Thirdly, the denial of the right to counsel — denial of the right of arrested persons - to counsel and to visits from families for a period of time.

Fourthly, there is the denial of bail by the courts without adequate reasons. I am referring to the often heard request from police officers prosecuting to ask for a remand in Police custody when the accused is first produced in court. As I said once before, usually that request is granted without any inquiry, and l shall explain why it violates the Rule of Law. 

Then the one which we the Opposition have often raised — it is the fifth one — the denial of the freedom of speech and assembly. That violates the Rule of Law. And when I say about freedom of speech and assembly, of course, I am also referring to the freedom of the newspapers to publish — the freedom of the press. That is part and parcel of the freedom of speech. Sixthly, denial of reasons for executive decisions and shutting out appeals to the courts. As l shall say, now in almost every Act. one finds this denial of reasons for decisions and not allowing any recourse to the courts. Seventhly. the restrictions on the right to travel out of Singapore, the impounding of passports without an order of court. When I come to illustrate, I shall, of course, refer to the case of Mdm Teo Siew Har whose passport was detained for several months for no reason at all under the law.

Then we have the eighth on the list - the power given to the Housing and Development Board to throw out lesees or tenants without having to take them to court. That is, if ever there was one, clear violation the person's rights and the Rule of Law. Then we also have have the suspension and cancellation of people's licences by executive officials, and l have in mind,  of course, the licences of taxi drivers, without a proper judiciary enquiry.

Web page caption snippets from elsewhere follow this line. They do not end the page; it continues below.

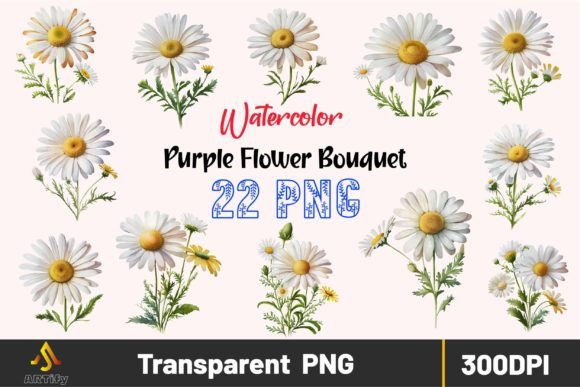 Download Watercolor Daisy Bouquets Floral Clipart - Watercolor Collection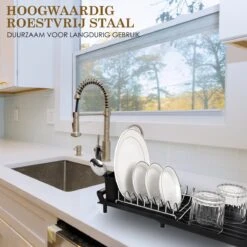MIRI Afdruiprek – Afwasrek – Uitschuifbaar – Met Lekbak In Gootsteen – Afwas – Roestvrij Staal – Zwart -Thuis Winkel 1200x1200 489
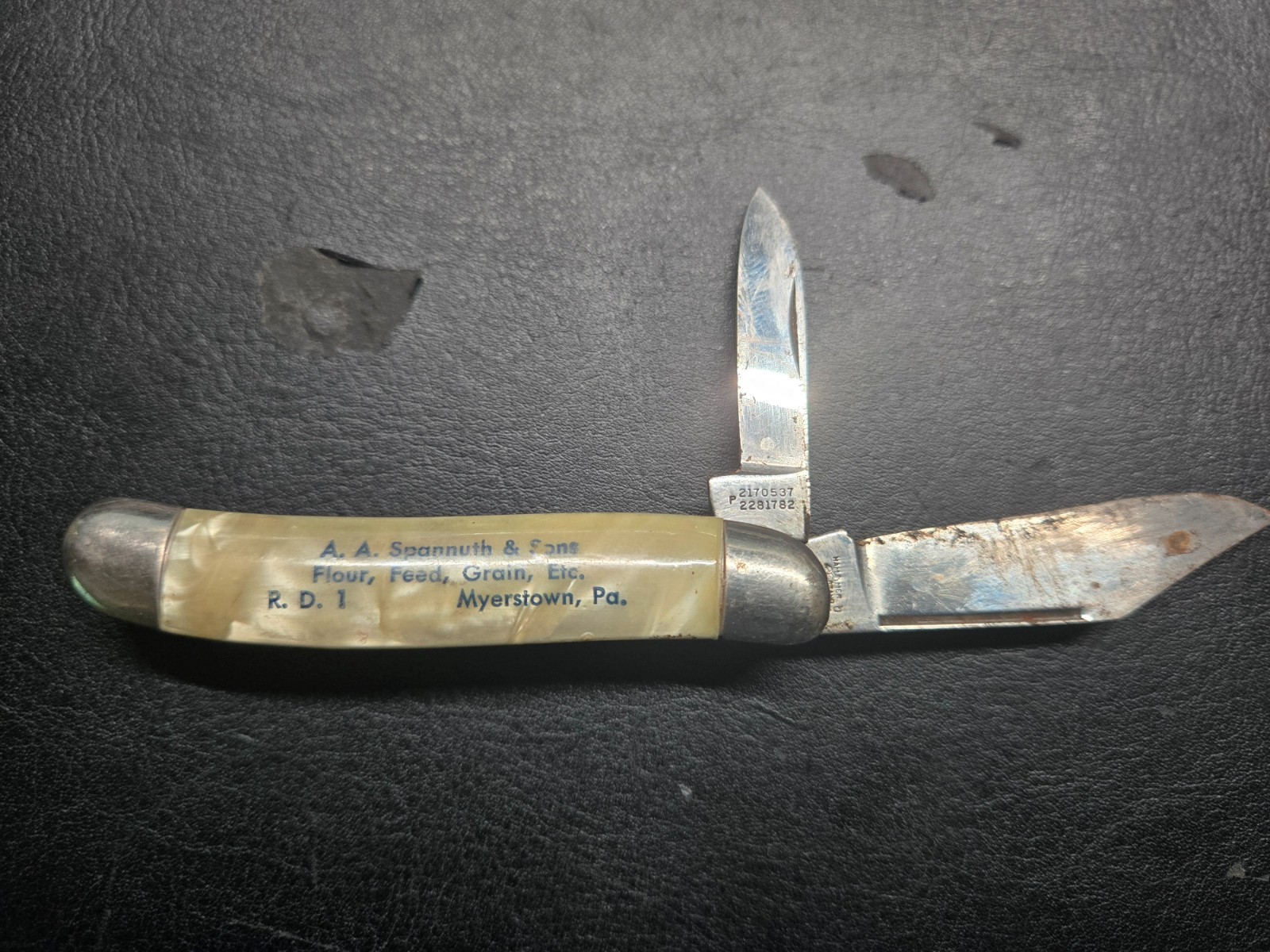 Vintage A.A. Spannuth & Sons Pocket Knife - Myerstown, PA - McMillen Feed Mills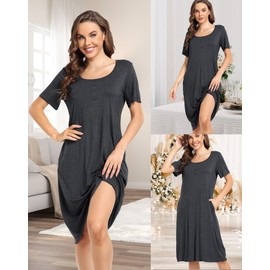 Vlazom Women's Nightdress, Ladies Soft Nighties U-Neck Nightshirts Short Sleeve Sleep Dress Nightgown Sleepwear,C-Charcoal,L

So you have in Singapore an abundance of power exercised by the executive through its officials which offend the Rule of Law. That is the first limb - that no one shall be deprived of anything, except under the law. Now, if I may come to the second limb, the equality of all persons under the law, and as Prof Dicey says - from the the Prime Minister down to the constable they are equal before the law. The Prime Minister is not more equal than a postman or a collector of rubbish. 

And under this, I have about four heads, and that is, the blatant violations during election time by Government and Ministers to secure the victory of their party the ruling party, including intimidation of voters. There you have clearly the law not evenly applied as between one Party and another.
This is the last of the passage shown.